For repeat offenders, the fee imposed for waivers would be increased by the number of prior waivers sought.
Argument in favor
The PBGC needs additional revenue to remain solvent. Imposing fees on financial institutions convicted of financial crimes that are seeking waivers to manage retirement funds is a sensible way to make sure that these institutions pay for their crimes while stabilizing funds that may have been harmed by their misconduct.
Argument opposed
This bill violates an existing regulation, and also does not necessarily create much new revenue for PBGC, as the minimum fee of only $1 million is a drop in the bucket against PBGC’s $76 billion deficit. Additionally, imposing fees on financial institutions seeking exemptions may just drive them away from seeking to manage retirement funds.
Impact
Financial institutions convicted of financial crimes; retirement plan managers; Department of Labor; Pension Benefit Guaranty Corporation; Director of the PBGC; the PBGC Board; and the Secretary of Labor
Cost of S. 2318
A CBO cost estimate for this bill is unavailable.
Additional Info
In-Depth: Sen. Tammy Baldwin (D-WI) introduced this bill to generate new revenue to protect the pensions of over 40 million workers and retirees by imposing fees on banks convicted of financial crimes which are seeking a waiver from the Labor Dept. in order to manage retirement plan funds:
“We must keep our promise to workers and retirees by making sure they receive the pensions they have earned. I am introducing this reform to address the financial challenges of the pension insurance program and to generate new revenue to fund worker pensions. Financial institutions convicted of a crime should have to pay a penalty that will provide funding to support workers and retirees who saw massive cuts to their pensions through no fault of their own. This reform helps us keep our promise to workers.”
Groom Law Group, commenting on this bill, raises the prospect that rather than creating revenue from new fees on financial institutions convicted of financial crimes, this bill would instead drive them away from seeking to manage retirement plan funds:
“Given the significant amount of time, costs and internal and external resources that are now required to obtain an individual exemption, asset managers that rely on the QPAM Exemption may need to carefully consider whether obtaining the exemption is worth the costs. If an asset manager has primarily a retail base of retirement clients (IRAs and small employee benefit plans) with liquid strategies and neither the asset manager nor any of its affiliates typically takes 5% or more stakes in other asset managers with ERISA Plan clients, the manager may want to consider relying upon other exemptions for the ten-year period following conviction rather than expending the resources to obtain an individual exemption that would permit continued reliance on the QPAM Exemption."
There is one cosponsor of this bill, who is also a Democrat. The Pension Rights Center supports this bill.
Of Note: The PBGC was created by Congress in 1974 to essentially act as a fail-safe for private pensions. The PBGC picks up the tab for pensions if their insured private pension plans fail. Currently, the agency delivers benefits to 900,000 workers enrolled in nearly 5,000 failed pension plans.

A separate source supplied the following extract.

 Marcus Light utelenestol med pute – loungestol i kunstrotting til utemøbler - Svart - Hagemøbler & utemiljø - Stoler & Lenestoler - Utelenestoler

Currently, the Department of Labor does not charge any user fees for reviewing applications for individual financial institutions’ exemptions to allow financial firms convicted on criminal charges to manage retirement plan funds. This bill would change that practice, by directing the Secretary of Labor to establish regulations to set a user fee schedule based on the severity of the crime committed, with a minimum $1 million user fee. For repeat offenders, the user fee would be increased by the number of prior waivers sought.

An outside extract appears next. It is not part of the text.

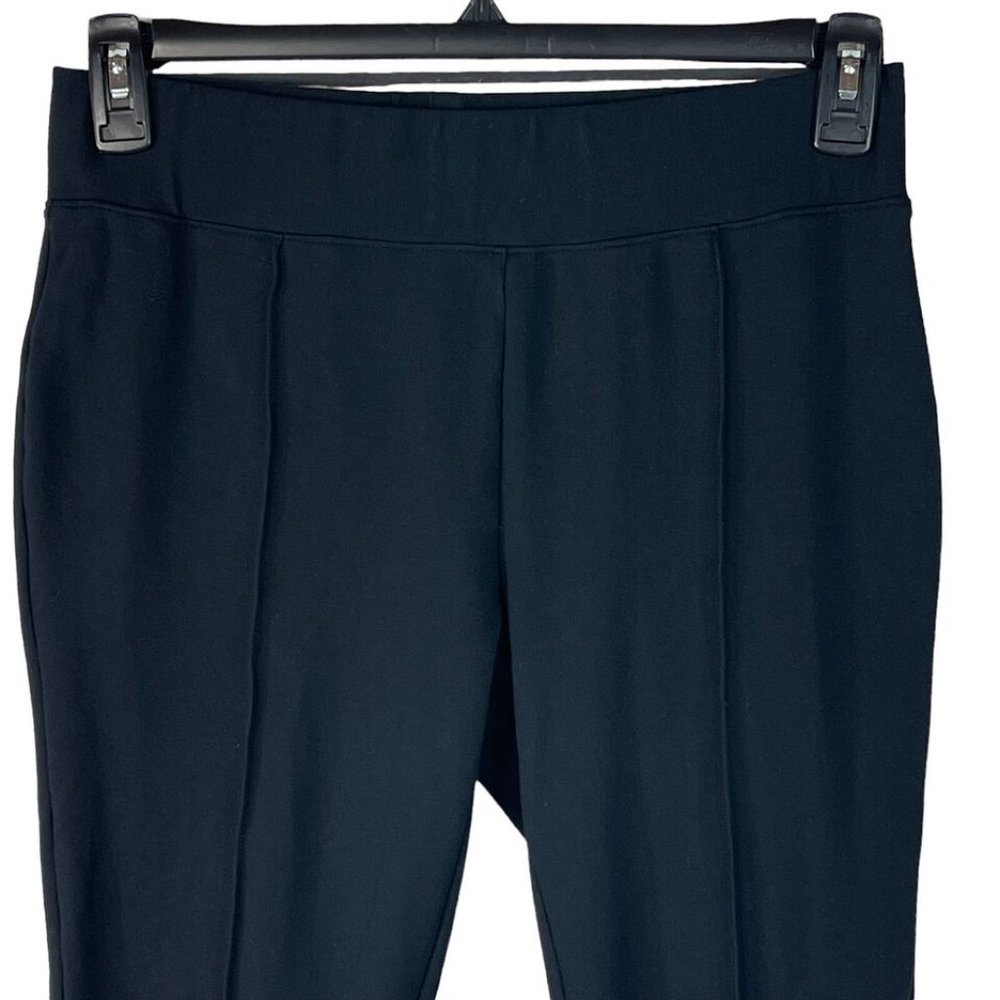 Lands' End Ponte Legging Pants Ankle Zip Mid-Rise Stretch Black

At a $76 billion deficit, the PBGC’s finances are in need of shoring up, and substantially raising PBGC premiums on multiemployer plans is not a good option, as doing so would raise their expenses and exacerbate already-dire financial conditions of many of these plans, since premiums are paid out of fund assets. In their FY2016 Projections Report, the PBGC projected that the multiemployer program would run out of money in 2025, severely impacting millions of retirees’ pensions.

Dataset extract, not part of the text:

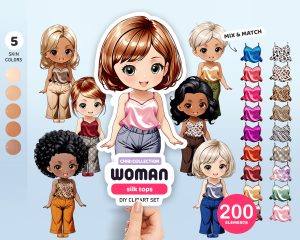 Woman in Silk Tops Clipart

Qualified professional asset managers (QPAMs) that are subject to this bill are entities, such as financial services firms, that manage the interest of employee benefit plans in investment funds. Under current law, QPAMs that have been convicted of financial crimes must seek individual exemptions from the Department of Labor to continue working with retirement plan funds. The DOL has granted exemptions to all but one firm seeking these exemptions since 1997, issuing a total of 38 waivers.
Crimes committed by firms seeking QPAM waivers include: currency price fixing, false tax filings, and securities fraud.